Input.
▬▬▬

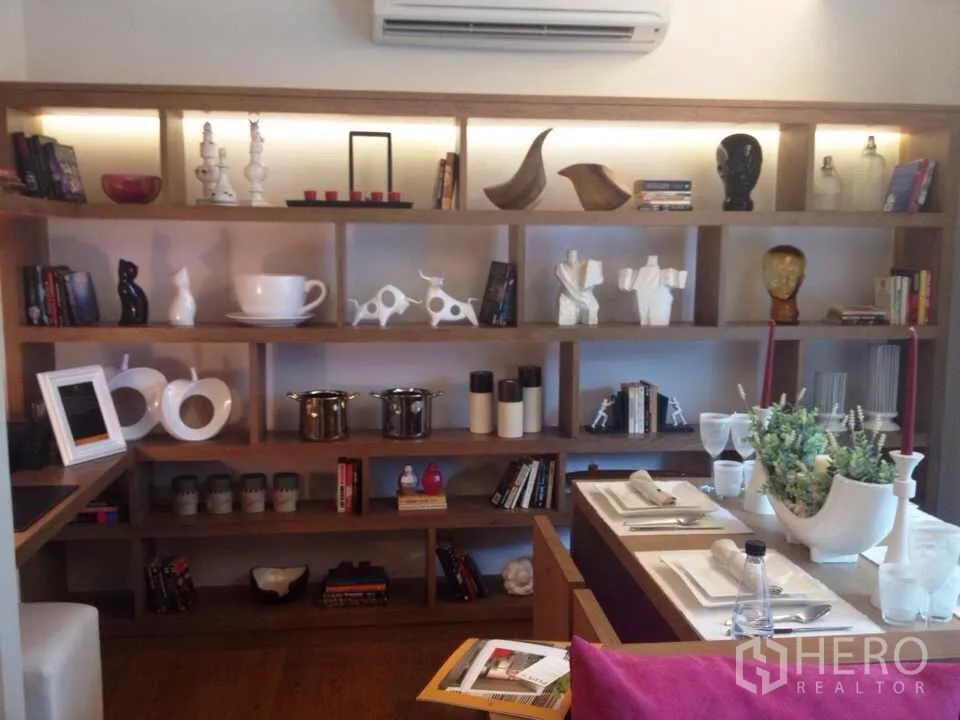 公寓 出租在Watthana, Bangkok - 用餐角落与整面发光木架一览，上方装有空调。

▬▬▬

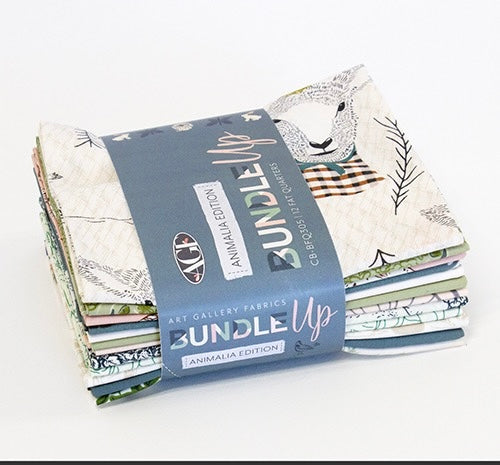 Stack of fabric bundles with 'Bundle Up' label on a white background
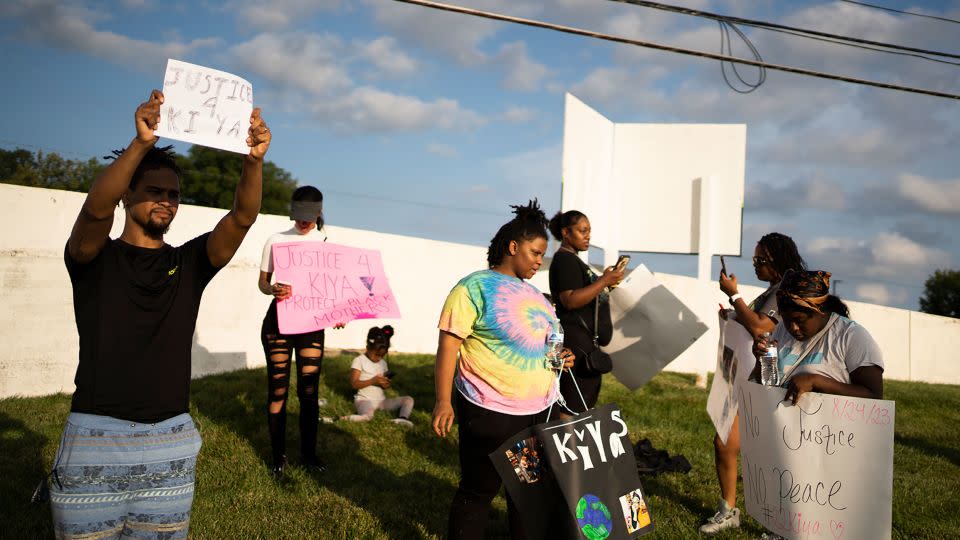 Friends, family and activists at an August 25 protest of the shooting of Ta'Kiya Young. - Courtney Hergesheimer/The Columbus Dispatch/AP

▬▬▬

Activity.
What are the lines in the records above, word for word, from the one containing "Stack of fabric" through the one containing "Friends, family and", both ends included and pictures left out?

Result of this exercise.
 Stack of fabric bundles with 'Bundle Up' label on a white background
 Friends, family and activists at an August 25 protest of the shooting of Ta'Kiya Young. - Courtney Hergesheimer/The Columbus Dispatch/AP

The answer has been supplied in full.